Просветлялась в динамичном уме радостная догадка – из самых сильных, стремительных и безошибочных решений за всю жизнь! Воспаряется типографский запах от газетных страниц, воспаряется кровяной и лекарственный запах от площади – и, как с орлиного полёта, вдруг услеживаешь эту маленькую единственную золотистую ящерку истины, и заколачивается сердце (вновь сердце. – А. Н.), и орлино рухаешься за ней, выхватываешь её за дрожащий хвост у последней каменной щели – и назад, и назад, назад и вверх разворачиваешь её как ленту, как полотнище с лозунгом:

ПРЕВРАТИТЬ В ГРАЖДАНСКУЮ!..

– и на этой войне, и на этой войне – погибнут все правительства Европы!!!

(22)

Так и будет (те, что не погибнут, выйдут из войны сильно покореженными, но не шибко поумневшими – доведут свои народы до следующей, еще более истребительной). Будет не по воле Ленина – этот «великий практик» придет на готовенькое, созданное общими усилиями противоборствующих держав Европы и противоборствующих групп в России. Будет, потому что в пустоту канет речь Воротынцева перед Верховным, потому что затянется (и затянет Воротынцева) война, от которой никак не избавиться, потому что толчок расчеловечиванию уже дан и с каждым новым оборотом движение дьявольского колеса становится не медленнее, а быстрее, свирепей, неудержимей.

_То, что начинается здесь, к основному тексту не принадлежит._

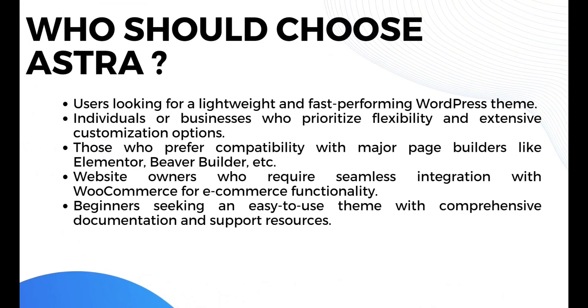Who should choose Astra? Astra is the choice for users looking for a lightweight and fast-performing WordPress theme, individuals or businesses who prioritize flexibility and extensive customization options, those who prefer compatibility with major page builders like Elementor and Beaver Builder, website owners requiring seamless WooCommerce integration, and beginners seeking an easy-to-use theme with comprehensive documentation and support resources.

Ненавидя революцию или захлебно ею восторгаясь, имея о ней самые примитивные или весьма обстоятельные и детализированные представления, полагая ее великим торжеством России или ее тяжелейшей бедой, все мы с детства были убеждены: тогда началась новая эра. Началась. Но не в Октябре-Ноябре Семнадцатого (этим – Седьмым – Узлом по замыслу Солженицына открывается действие третье – «Переворот»), а в Августе Четырнадцатого, где поднимается занавес «повествованья в отмеренных сроках»: действие первое – «Революция». Она уже пришла.[27]

Глава IIЗемной удел: «Октябрь шестнадцатого»

Из четырех Узлов «Красного Колеса» «Октябрь Шестнадцатого» более всех близок тому литературному жанру, что обычно именуется «романом». Во избежание недоразумений оговорюсь: речь идет не о той или иной литературоведческой концепции, в рамках каждой из которых термин получает свое толкование, и не о солженицынской «поэтике жанра», согласно которой «повесть – это то, что чаще всего у нас гонятся назвать романом: где несколько сюжетных линий и даже почти обязательная протяжённость во времени. А роман (мерзкое слово! нельзя ли иначе?) отличается от повести не столько объёмом, и не столько протяжённостью во времени (ему даже пристала сжатость и динамичность), сколько захватом множества судеб, горизонтом огляда и вертикалью мысли».